Of course, but you follow them while you question them... Unless you feel they are such a violation of human rights that you must move to civil or violent disobedience, you still follow them. 

I don't agree with 55 mph on the highway for myself, but I still follow it.

As it happens valid are the reasons to most of our parents and teachers. Uniformity, inner self expression vs outer self expression, and other issues they learn to grow into... There's no way I'm going to elaborate on the intricacies of private school rules on nails. Suffice it, please, to say there is quite the extensive rationale that ultimately you wouldn't agree with anyway. Once they hit ninth grade, they can color them all they want. 

Such a school as ours you probably wouldn't be interested in. However, people like the OP might be, and there are many others.

I don't think there is a problem with it personally, but I don't run my school. If it's okay with you that a parent would let a young girl cosmetically paint her nails, I would like to assume it's also okay with you a parent would prefer the nails plain.


----------



## Created2Write (Aug 25, 2011)

I hope you're doing well, kingsfan. I think about you often, and I hope you're doing well in your relationship.


----------



## kingsfan (Jun 4, 2012)

Kari said:


> kingsfan, how about an update? Did you marry your fiancé? Did things improve?


Sorry for not replying earlier. True to my words I sort of took a bit of a sabattical from these forums for a few days/weeks. 

We aren't married, wedding is postponed as money was tight due to a death in the family that resulted in a very expensive flight/stay out of province. So we bumped it back to next year.

Did things improve...I assume you mean sexually. No, they didn't. I'd have to say they got worse. Rest of the relationship I fear is suffering as a result, or at least partly.



I Notice The Details said:


> KingsFan, this is great advice and VERY well said! Thank you for sharing. :smthumbup:
> 
> I have found your words to be so true in life....change in people only happens when they themselves WANT to change. It comes from a need or want within themselves. Sometimes we can help uncover that need or want, but ultimately it has to be their decision to WANT to change.
> 
> ...


Teach your son, as I will teach mine. It really was amazing looking back on when I was growing up just how little society expected you to value sexual compatibility in a relationship. You were expected to never stray and take whatever came your way, regardless of how much or -far more often- how little. 

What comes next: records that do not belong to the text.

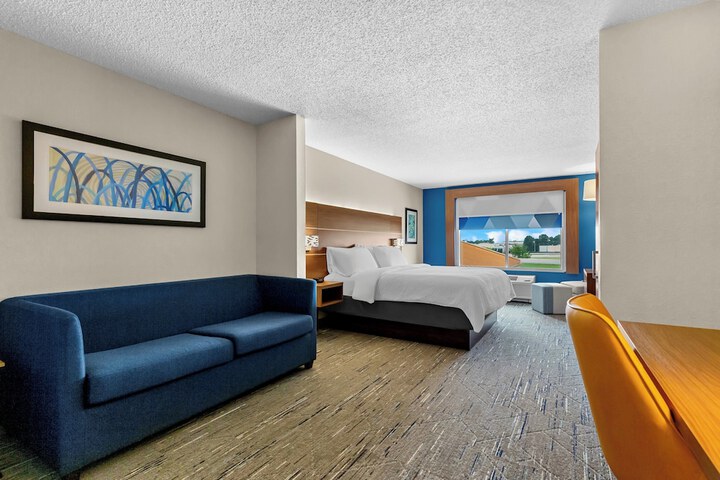 Holiday Inn Express & Suites Vandalia by IHG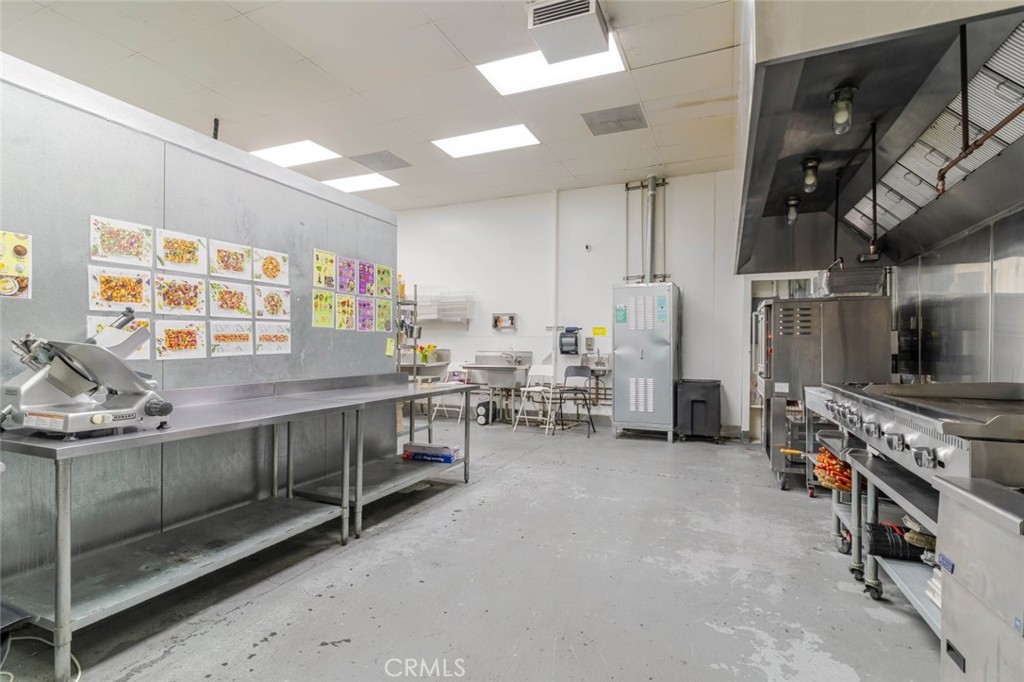 Saticoy Street Property Photo 12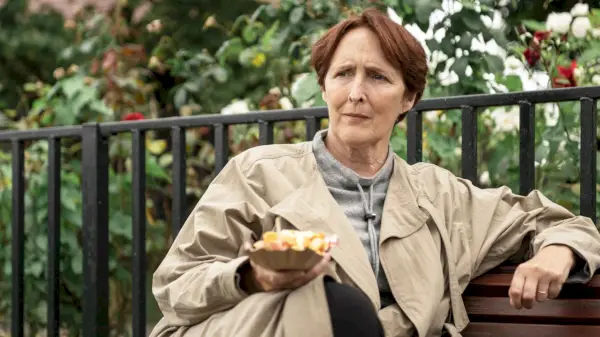 fiona Šova kā Carolyn cauns, killing eve 4. sezonas 5. sērija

Your partner wants to gamble away the house? Get a divorce!
Your partner wants to spend you into the poor house? Get a divorce!
Your partner assaults you? Get a divorce!
Your partner is an alcoholic? Get a divorce!
Your partner just isn't to interested in sex with you? Stay and take it!

I plan to explain to my children in very clear terms that if sex is important to you, find someone who shares the same mind set and also understands that if sex loses its importance to them, that doesn't mean it loses its importance to you, nor should it. If your sex drive was a switch you could turn on and off at will, there wouldn't be the very forum we are all posting on.



Created2Write said:


> I hope you're doing well, kingsfan. I think about you often, and I hope you're doing well in your relationship.


Thanks C2W, nice to see you are still posting away here! I'm doing well, though the bedroom could use improvement! How's the book coming along?


----------



## LongWalk (Apr 4, 2013)

Why would you marry if your sex life prior to marriage is poor. Marriage is not exactly an aphrodisiac for many.


----------



## kingsfan (Jun 4, 2012)

LongWalk said:


> Why would you marry if your sex life prior to marriage is poor. Marriage is not exactly an aphrodisiac for many.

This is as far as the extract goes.